When it comes to imagery, there are three different approaches. Internal visualization can be thought of as being done in first person; here the athlete runs through the race in their mind as they would see it from their own perspective. External visualization would be picturing yourself as an outside observer watching you run the race, so in third person.

Kinesthetic visualization is unique in that it will integrate bodily movements and muscle sensations with the mental pictures. “Stand up and get into a good athletic position, [athletes] take their bodies lightly through the motions, not full engagement but firing those muscles to go left, go right, relaxing your shoulders,” explains Dr. Bauman. This style has been proven to be of the greatest benefit to athletes if they are able to fully tap into the experience. Other tips to employ kinesthetic visualization are to simultaneously picture as many nuances of the event as possible in your mind and then veer in the same directions that you’ll turn, shake out your arms if you need a reminder to drop your shoulders, even contract your quads as you imagine climbing a hill.

There is a learning curve and Dr. Bauman notes, “It’s almost like a bell shaped curve…people are going to have different skill levels and experience.” To build on that skill level takes practice and “it’s really helpful to have someone help them through that for awhile…someone who knows what they’re doing help them through that…and then start to hand them the baton, ‘okay, now YOU do that’.”

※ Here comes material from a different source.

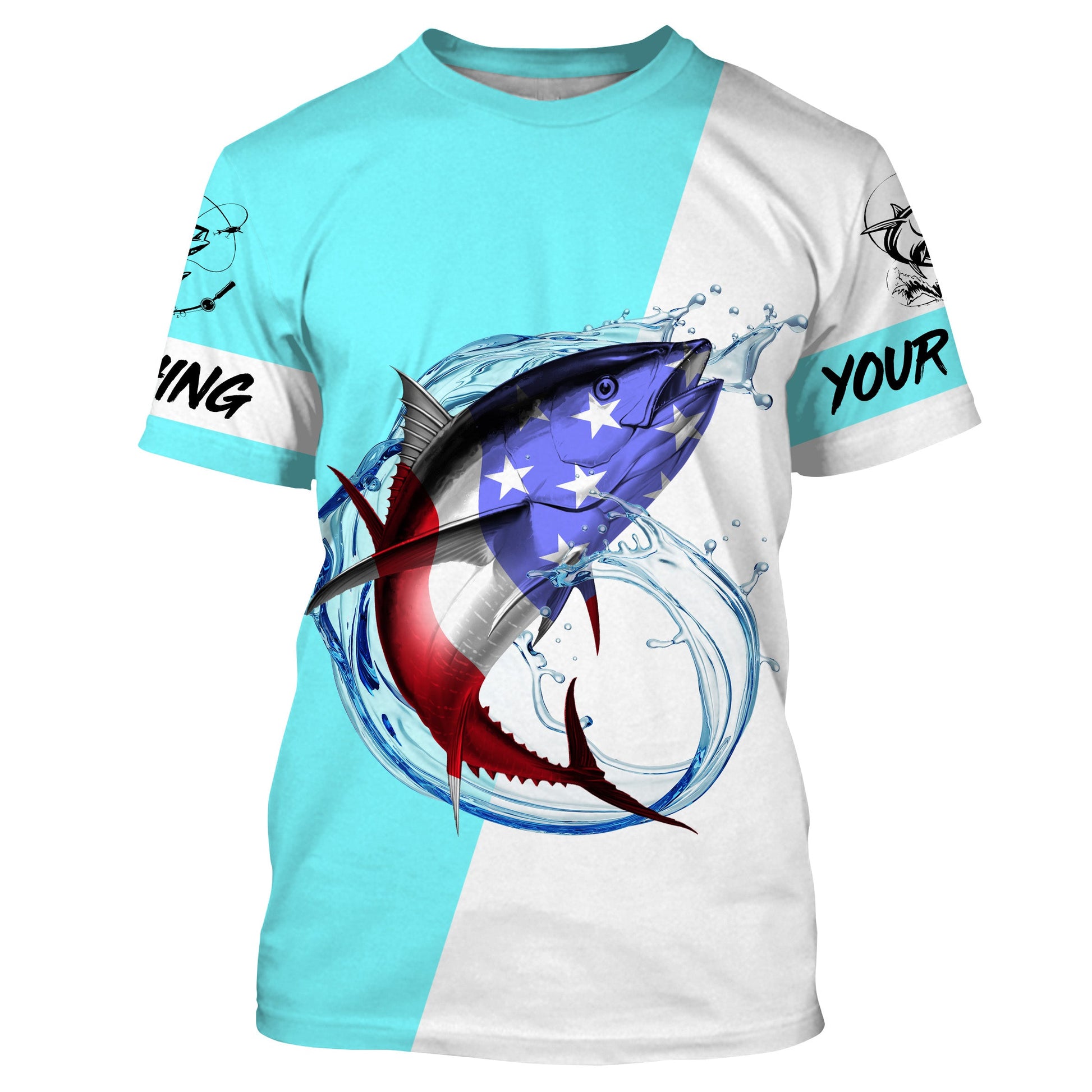 Tuna fishing American flag Custom Name long sleeve performance fishing | Bright Sky Blue NQS3814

Your first guided tours through visualization should allow you to relax, close your eyes, follow along to what is being said and really focus on the pictures being described. Have as many details included as possible; how your body will feel smooth and relaxed, who is around you, what the race course will look at certain checkpoints (Is there is a hill at mile 3 that you will charge up?), even some of the smells…integrate as many senses as possible. Dr. Bauman has his athletes visit a particular race course in advance, run the route mentally recording as many details as possible to later include in their imagery experiences.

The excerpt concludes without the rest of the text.